> [What this task involves]:
All of the data below must be reproduced word for word, but without its images.

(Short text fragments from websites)
_ _ _ _

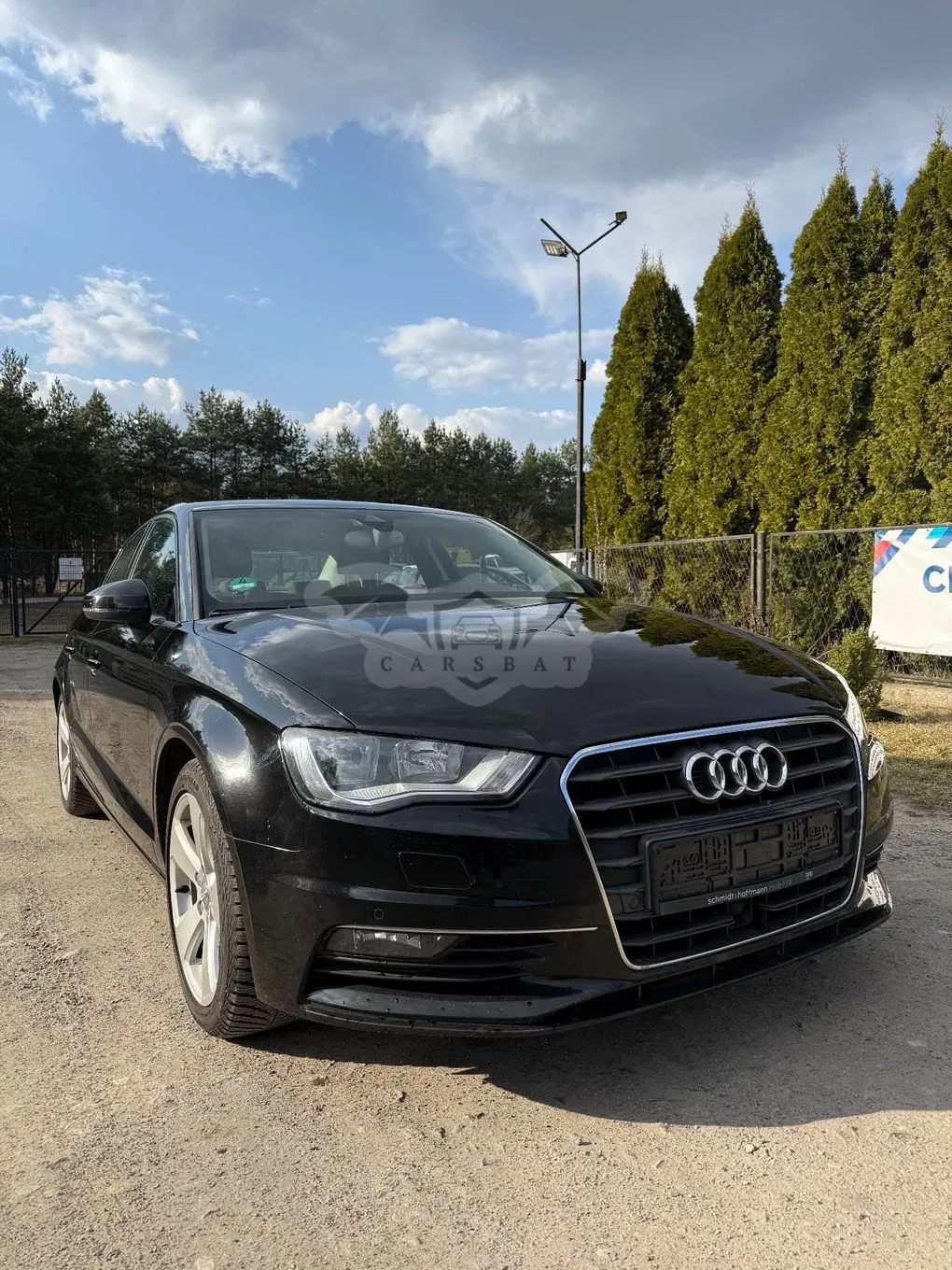 Audi A3 8V 1.4 TFSI Ambiente 2015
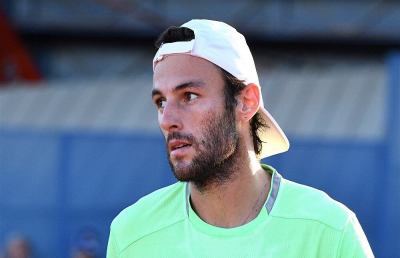 Tennis, Travaglia eliminato in due set da Carballes Baena al torneo Atp di Gstaad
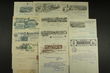 133961 / 3614 - Firm Letters, Invoices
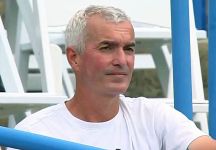 Sanguinetti: “Mi piacerebbe allenare un giovane italiano. Tutto il mondo del tennis oggi invidia l’Italia”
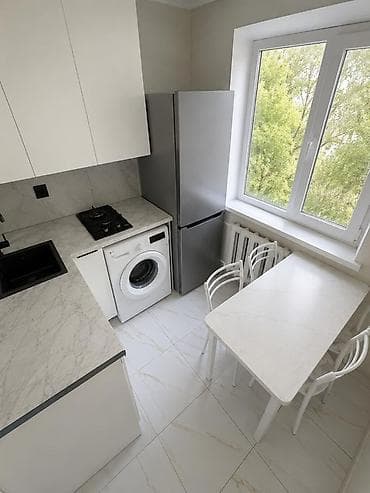 умный дом: 2 комнаты, 44 м², 6 мкр 104 серия, 4 этаж, Дизайнерский ремонт — 7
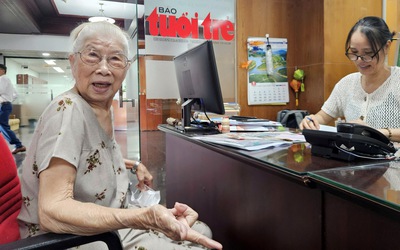 Những tấm lòng từ TP.HCM gửi đến Hà Tĩnh, Nghệ An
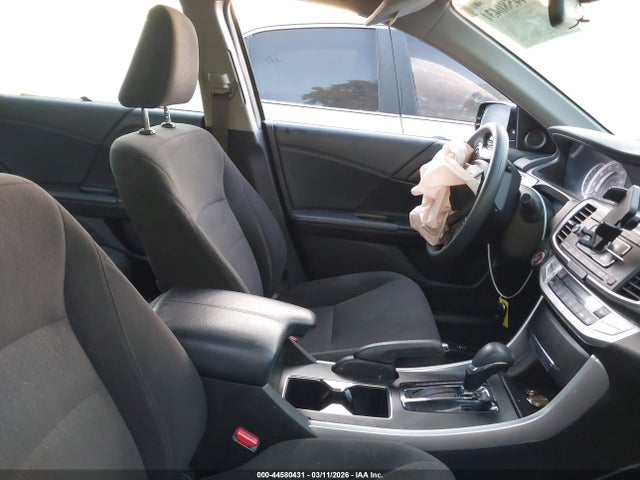 Продаж на аукціоні авто 2015 Honda Accord Ex, vin: 1HGCR2F73FA152278, номер лоту: 44580431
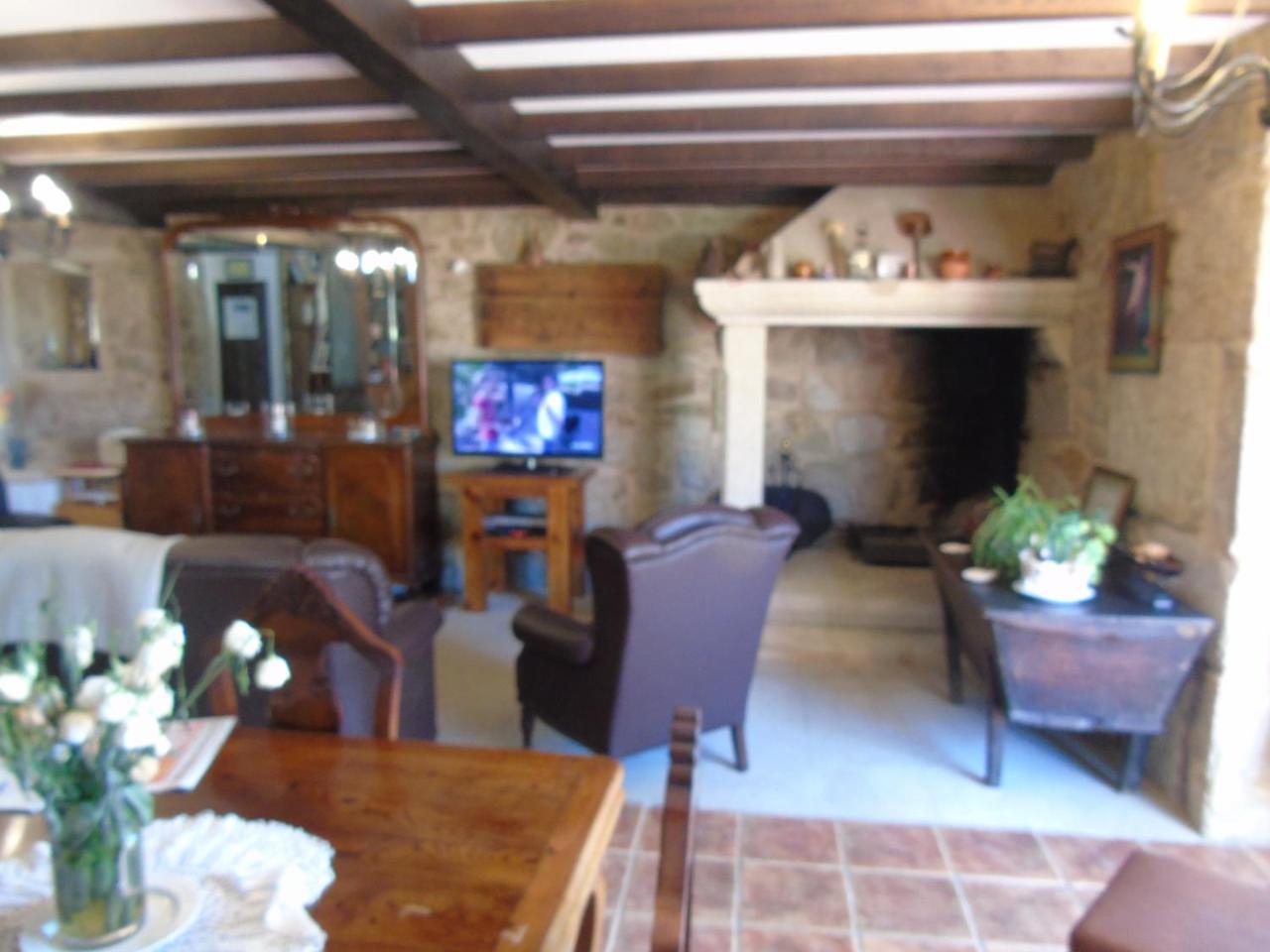 Casa De Trillo Pension Muxia Buitenkant foto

_ _ _ _

> [Response area]:
 Audi A3 8V 1.4 TFSI Ambiente 2015
 Tennis, Travaglia eliminato in due set da Carballes Baena al torneo Atp di Gstaad
 133961 / 3614 - Firm Letters, Invoices
 Sanguinetti: “Mi piacerebbe allenare un giovane italiano. Tutto il mondo del tennis oggi invidia l’Italia”
 умный дом: 2 комнаты, 44 м², 6 мкр 104 серия, 4 этаж, Дизайнерский ремонт — 7
 Những tấm lòng từ TP.HCM gửi đến Hà Tĩnh, Nghệ An
 Продаж на аукціоні авто 2015 Honda Accord Ex, vin: 1HGCR2F73FA152278, номер лоту: 44580431
 Casa De Trillo Pension Muxia Buitenkant foto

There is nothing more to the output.